I used to be afraid of dying. But I know it’s going to happen one day and understanding that death is a part of life, makes me less afraid of it. Plus, I know God’s not done with me yet. I still have a lot of living to do (so I don’t plan on checking out anytime soon) however, death also makes me think about life and the significance of how I spend my time. I recently read a book by Kevin Kruse titled 15 Secrets Successful People Know About Time Management, and something he wrote really clicked for me. He wrote…

We must be vigilant with our time. There’s only 1,440 minutes in a day.

1440. That’s it. As much as I try to be flawlessly diligent with my time, I’ve wasted plenty of time I’ll never get back. Once I started saying things like, I feel like there’s not enough hours in the day, I knew I wasn’t managing my time properly. I was pissing it away. I’d hate to get to the end of my life and feel like I wasted it away doing things I didn’t enjoy, being around people I didn’t like much, or doing things that weren’t productive. I’ve collectively wasted 1,440 minutes (perhaps even more than this amount of time) on the following:

Waiting on people before I decided to experience different things I wanted to do. Never considering I could just do things on my own.

Waiting on friends who were always running late and never speaking up about being irritated about their lack of respect for my time. Seriously, wasting someone else’s time is offensive.

Allowing people to put their neediness, problems, and demands on me, literally putting a drain on my time and emotions, and never speaking up about things until I was overwhelmed, angry, or grew resentful of having my time taken up. I learned to set boundaries.

On multiple occasions I’ve wasted time waiting on any guy I’ve been interested in to figure out how he felt about me, when I could've been out enjoying myself or dating other guys, instead of being strung along. Until official titles have been established, I’m free to date anyone I want. Sorry but not sorry, just being in the talking stage makes me no one’s girlfriend. And I’m on standby for no one, either.

Spending time scrolling through social media. I’ve pulled back more and I’m actually happier and have more free time to be focused on more important things that are priorities. Go figure.
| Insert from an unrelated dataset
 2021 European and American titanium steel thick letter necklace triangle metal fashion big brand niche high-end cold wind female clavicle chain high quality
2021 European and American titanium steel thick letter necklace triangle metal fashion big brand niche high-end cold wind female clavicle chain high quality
Falling into patterns of anxiety, living in fear, worrying about what other people think, worrying about things beyond my control, and crying over stupid stuff. All that precious time, gone.

I desire to be more intentional with my time and way before I read Kevin Kruse’s book, I was heading in that direction, anyway. I have a tight morning routine, I meditate, exercise, journal, and put away all my electronics, cell phone included, by 9pm (except on Fridays and Saturdays) so I can unwind and decompress for the day. None of this happened overnight. Some days, it’s tough but having balance and discipline with what I’m spending my time on, who I’m spending it with, and what I’m spending it on, is important to me. Especially with the number 1440 forever embedded in my mind. I’m going to be more intentional than ever. My time is valuable and so is yours. How you spend it is up to you.

What will you do with the time you have left?